Furthermore, she said on "Larry King Now" that she considers her former co-hosts on "The Talk" to be like family to her as well. "That was a show that was built on those friendships," she shared, referring to her incredibly tight bond with her co-hosts Sara Gilbert and Sharon Osbourne. "That was the most painful part of leaving the show. It wasn't the hour on air, it was the time that I had with those women off screen." Aww! Can someone start a petition to get Aisha Tyler back on "The Talk"?

What is the talented star up to these days?

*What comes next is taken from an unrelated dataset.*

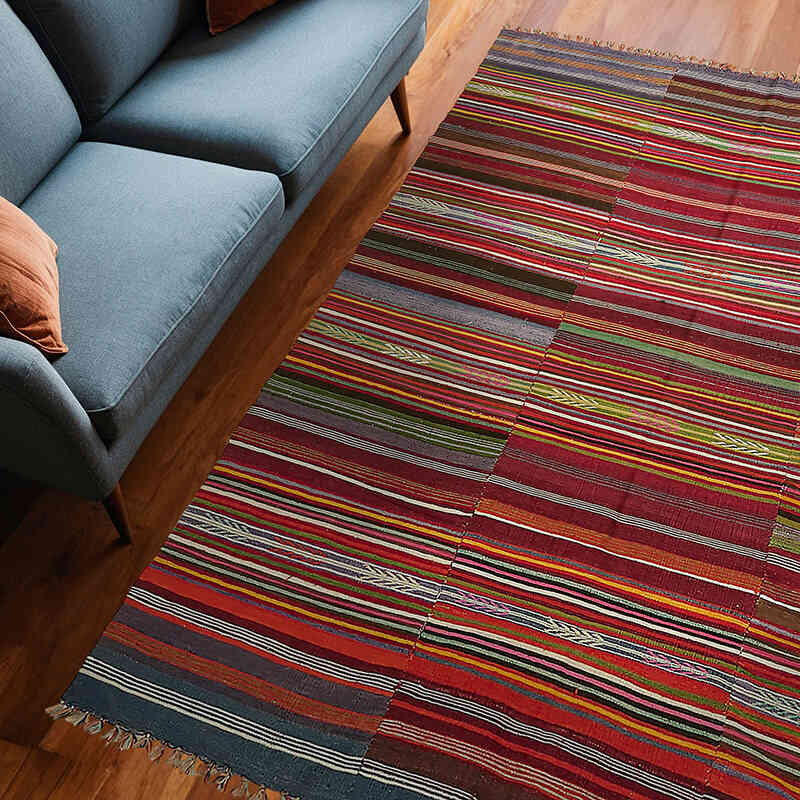 Alfombra Vintage Manisa Kilim - 197 cm x 263 cm - K0079107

Aisha Tyler is killing it in the entertainment world. When she's not busy making everyone's day at Comic-Con, Tyler is directing her own movies and TV episodes, which is something she is deeply passionate about. While we already know that she adds a certain sparkle on screen, she also offers a whole lot of talent behind the camera as well. And according to the "Friendsgiving" actor, she thinks it's important that we focus on having more diversity on sets, but not just when it comes to actors. "Diversity is not just about making sure you have a diverse cast. It is really about diversity behind the camera," she told Forbes. According to her IMDb page, Tyler has directed a handful of projects, including episodes on "The Walking Dead," "Criminal Minds," and "Roswell, New Mexico."

Keep an eye out for Tyler in new episodes of "Archer" and "Criminal Minds: Evolution." We can't wait to see what exciting new creative projects she will grace us with next!